» What the task asks:
Write out the listing below in its entirety, minus the pictures, without changing a word.

» Data:
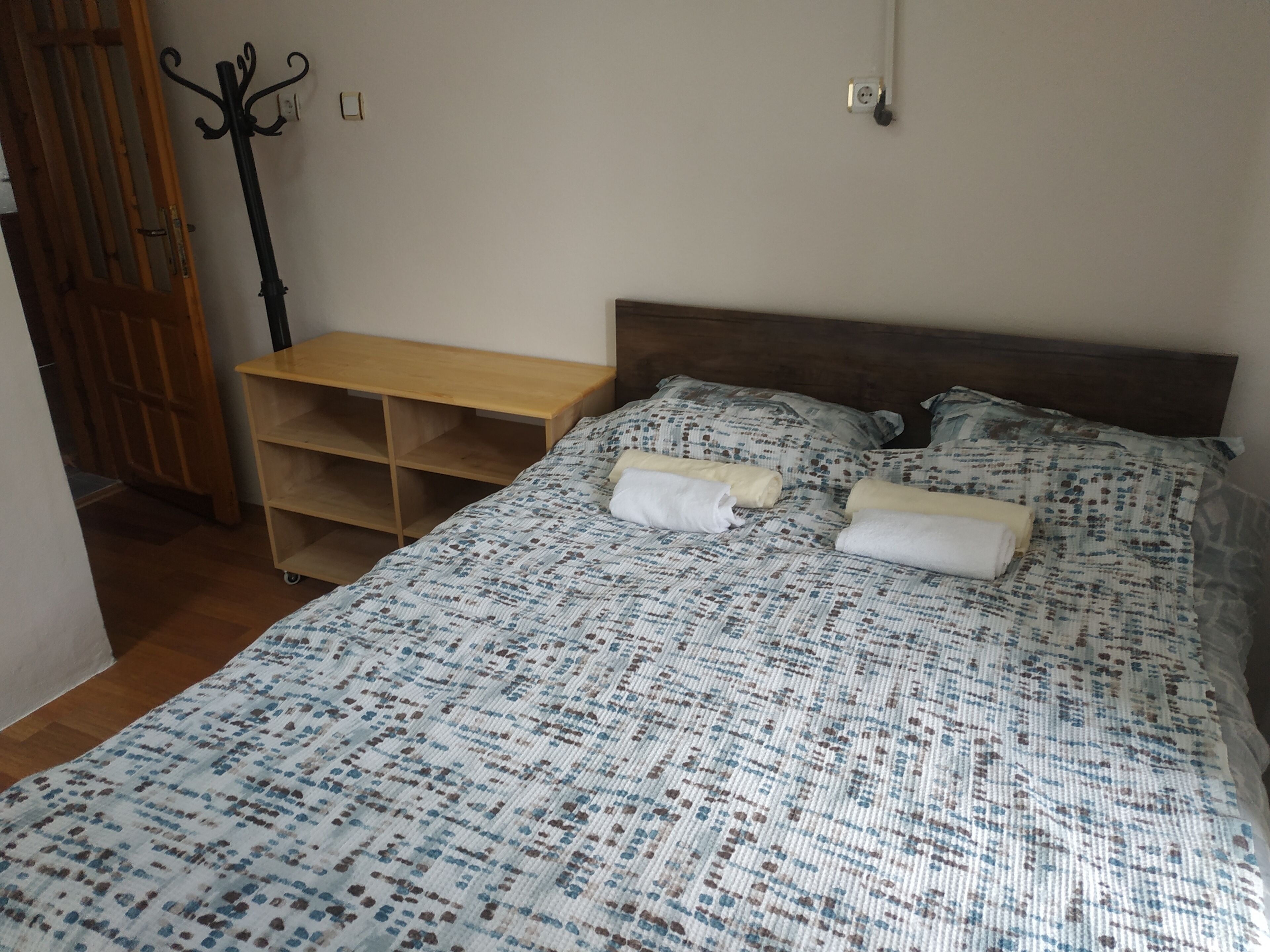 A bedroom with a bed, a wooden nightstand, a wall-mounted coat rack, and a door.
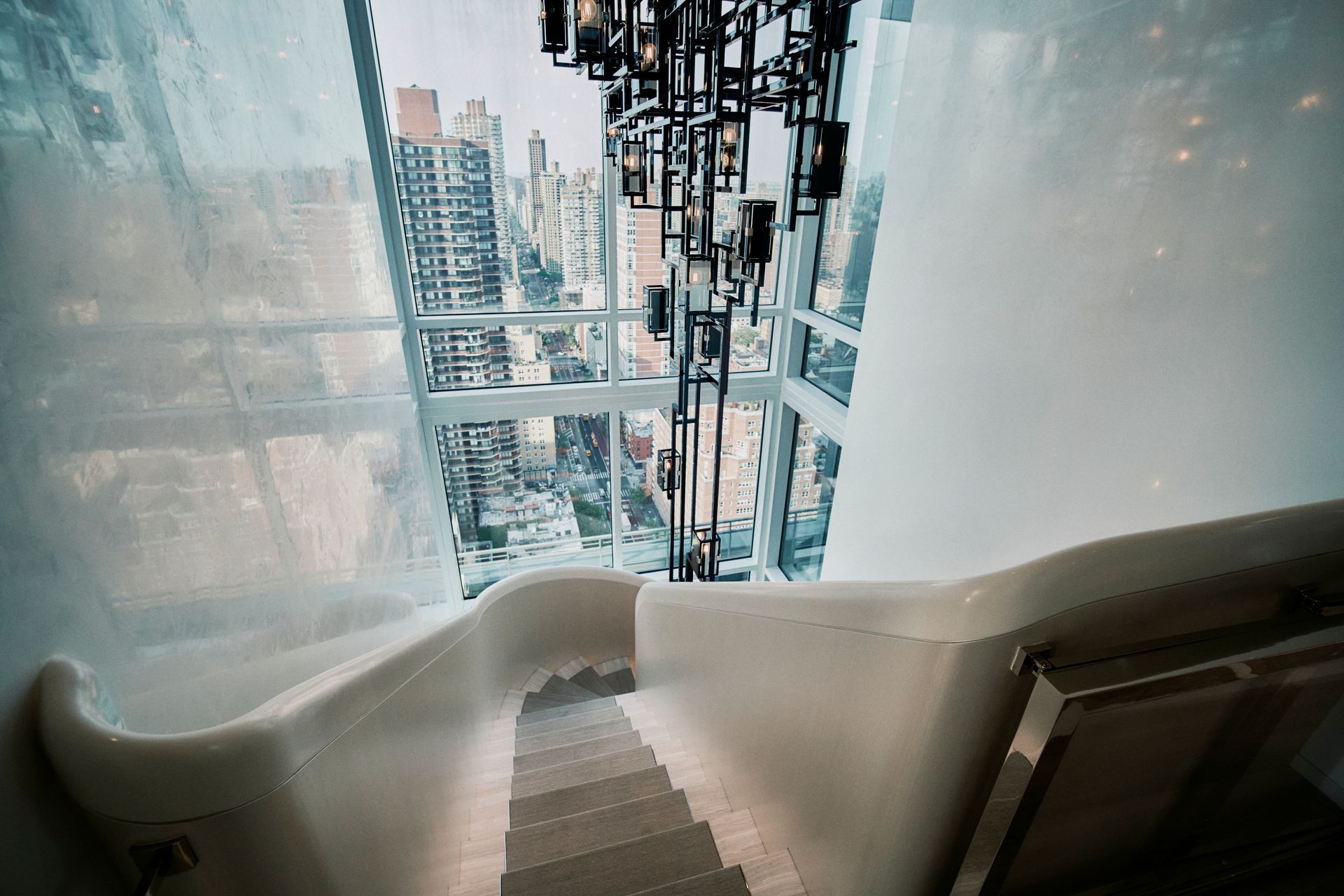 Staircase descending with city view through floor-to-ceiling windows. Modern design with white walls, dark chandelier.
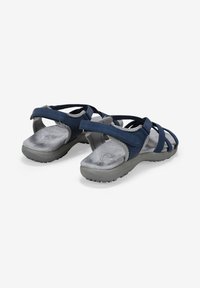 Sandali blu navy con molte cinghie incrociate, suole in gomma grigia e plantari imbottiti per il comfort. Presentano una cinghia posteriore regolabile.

» Result of the task:
 A bedroom with a bed, a wooden nightstand, a wall-mounted coat rack, and a door.
 Staircase descending with city view through floor-to-ceiling windows. Modern design with white walls, dark chandelier.
 Sandali blu navy con molte cinghie incrociate, suole in gomma grigia e plantari imbottiti per il comfort. Presentano una cinghia posteriore regolabile.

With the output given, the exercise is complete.